The head of golf's governing body has expressed his hope that former world number one Tiger Woods will one day feature again at a British Open.
This year's championship tees off on Thursday at Royal Birkdale in the town of Southport, north-west England, with Woods again absent.
The 41-year-old's attempts to resurrect his career have been hit by a series of operations on his back since 2014, and he has made only one top-20 finish in the past two seasons.
His absence this week means it is now seven straight majors that he has sat out.
"I think the sport should be eternally grateful for the transformation he drove in golf. I would love to see him tee it up here again," R&A chief executive Martin Slumbers said at Birkdale on Wednesday ahead of the start of this year's Open.
Woods has won 14 majors and once held the world number one ranking for a record 683 weeks.
But this year Woods' rehabilitation from injury was overshadowed by his arrest in May for driving under the influence.
"I hope he gets well. I hope he gets fit. I hope he falls back in love with golf. I hope he tees it up at the Open. He'd be extremely welcome," added Slumbers.
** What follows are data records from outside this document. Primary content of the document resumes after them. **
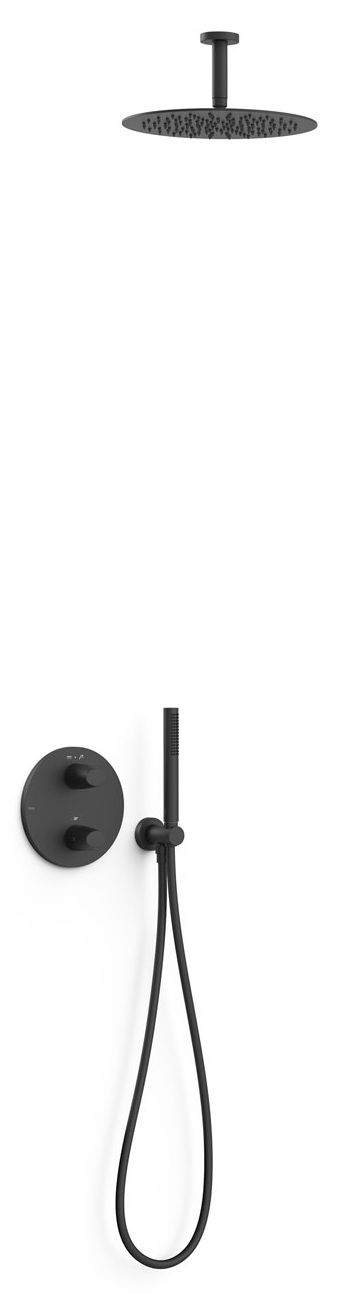 Tres Therm-Box zestaw prysznicowy podtynkowy termostatyczny z deszczownicą czarny mat 28125003NM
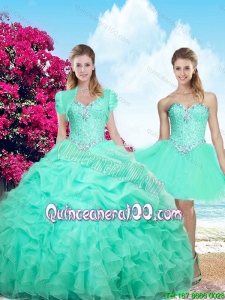 Top Seller Sweetheart Beaded Apple Green Quinceanera Dresses with Ruffles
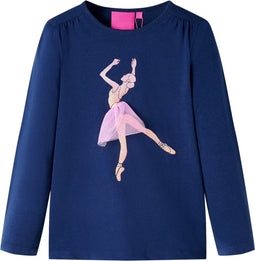 vidaXL-Kindershirt-met-lange-mouwen-ballerinaprint-116-marineblauw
Woods has won the Open three times, most recently at Hoylake, not far from Birkdale, in 2006.
But he has not won a major title since the 2008 US Open and has not won any event since the 2013 World Golf Championships Bridgestone Invitational.
This week he dropped outside the top 1,000 players in the world for the first time in his professional career, sinking to 1,005 in the rankings.
Since his demise, no one golfer has managed to dominate the sport in the same way, and the last nine majors have all been won by different players.
"The game also moves on," added Slumbers.
"We're looking at strong crowds here this week. We are expecting to be in excess of 220,000, which will make it the number four all time for the Open Championship.
"I think there are some wonderful players out there now that people want to come and watch, and the game is moving forward."